El filme de mi amigo es de escasos recursos, no puede apelar a efectos
especiales ni a proezas visuales. La diligencia, de John Ford, un
clásico que goza de buena salud y lozanía, es su modelo. Luego,
los patrulleros vuelcan y los protagonistas logran escapar de la policía. Al
rato detienen el coche, y mientras cuentan el dinero se produce el segundo
y último plot point del filme. El
muchacho empuña el revólver, mata a la chica y la arroja afuera del
auto. Sucesivas
imágenes lo muestran mientras sube al avión y, al final, sentado en una
cafetería de París vestido de elegante sport. Mi
carta fue apasionada: el filme era valioso. Su único propósito había
sido entretener, pero fue esa humildad la que le permitió concretar una
obra de calidad. Ése y no otro fue el objetivo del gran maestro Alfred
Hitchcock. Esperé
la respuesta con una ansiedad enfermiza. Estaba orgulloso de cartearme con
un tipo tan inteligente. Si
alguna vez él volvía a Buenos Aires, ¡qué panzada de cine nos íbamos
a dar!

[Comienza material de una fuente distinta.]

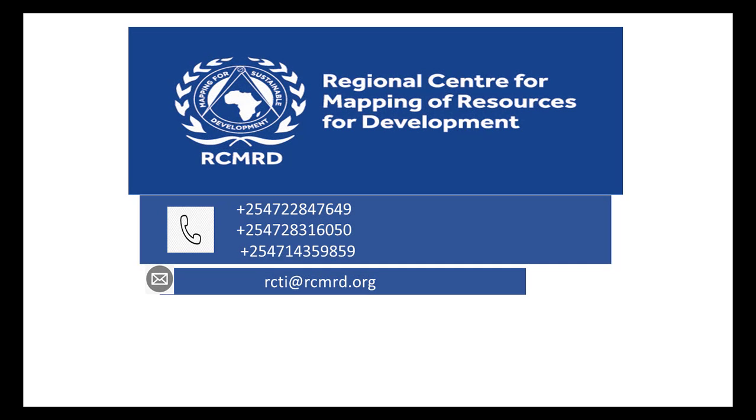For more information, contact us at the numbers provided on the screen or email us at rcti@rcmrd.org.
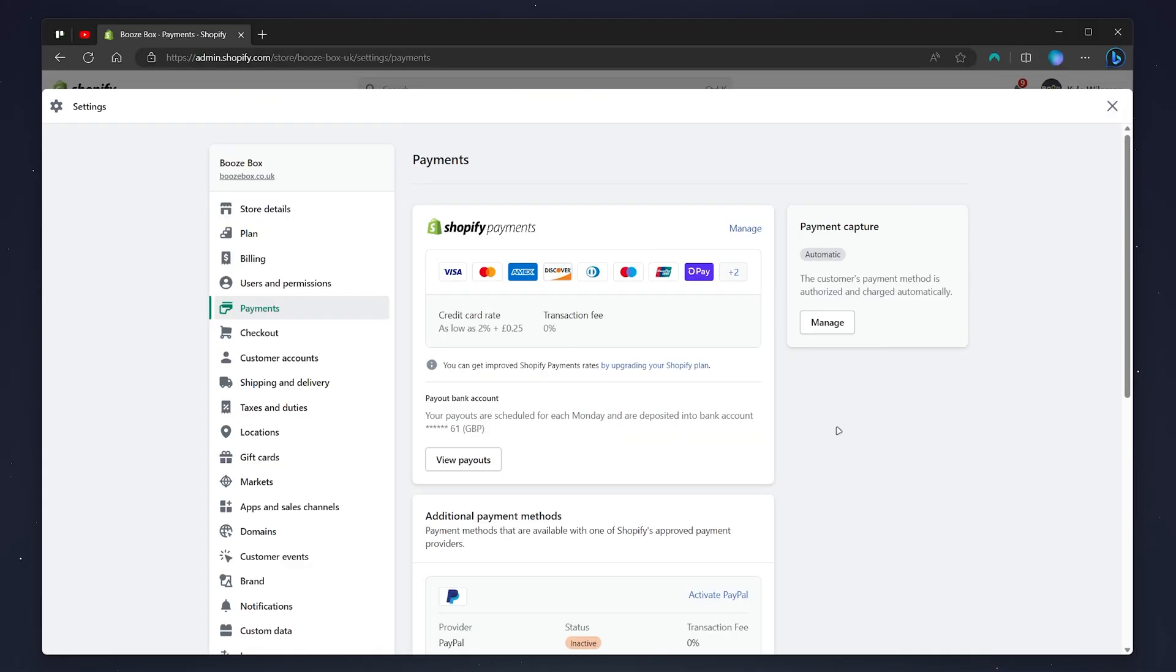Once you've done this, you want to click on Complete Account Setup. And once your Shopify Payments has been set up, it will look like this. To activate or deactivate Google Pay, all you need to do is click on the Manage link just here at the top.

Por lo menos veríamos películas desde las dos de la tarde hasta
la una de la madrugada. Después nos iríamos a comer a algún boliche y
discutiríamos sobre tal o cual realizador. ¡Qué fiesta maravillosa! Contra
todo lo esperado, la contestación fue desalentadora. No sé, posiblemente
haya que hablar de azar o de una extraña coincidencia. Mi
amigo fue poco claro al empezar la carta. Antes se había caracterizado
por su capacidad de síntesis y su lenguaje directo. Esta vez necesitó
muchos rodeos para explicarse. La
película que yo había visto no era la suya. Tenía idéntico título y
el nombre del director era el mismo que el de su seudónimo. Pero eran
distintos filmes. Él
trataría por todos los medios de localizar la película que yo le relaté,
y me encomendaba que yo ubicara en Buenos Aires la suya. Y me hizo una
pequeña sinopsis del argumento. Una
joven profesora de un colegio bilingüe porteño recibe una beca para
perfeccionar inglés durante dos meses en una universidad de Phoenix, en
Arizona, donde se instala. Allí los fines de semana suele recorrer los
hermosos paisajes que la rodean. De paso, practica leyendo novelas de
escritores norteamericanos sentada a la sombra de un árbol. En
una de esas lecturas conoce a un pintor de estilo realista y que expone en
salas de la universidad. La profesora le cuenta que es casada y que tiene
tres hijos en edad escolar. El pintor es mayor que ella, y sus dos hijos
varones ya se han independizado: uno está viviendo en Hartford y el otro
en Dover. La esposa sufre de tremendas depresiones y a veces se pasa
largas temporadas sin levantarse de la cama. Se
enamoran y viven un amor turbulento. Esta pasión es mal vista en la
comunidad universitaria. Finaliza
la beca y la joven debe volver a Buenos Aires. Entonces le habla al pintor
–que está dispuesto a irse con ella a la Argentina– con suma crudeza.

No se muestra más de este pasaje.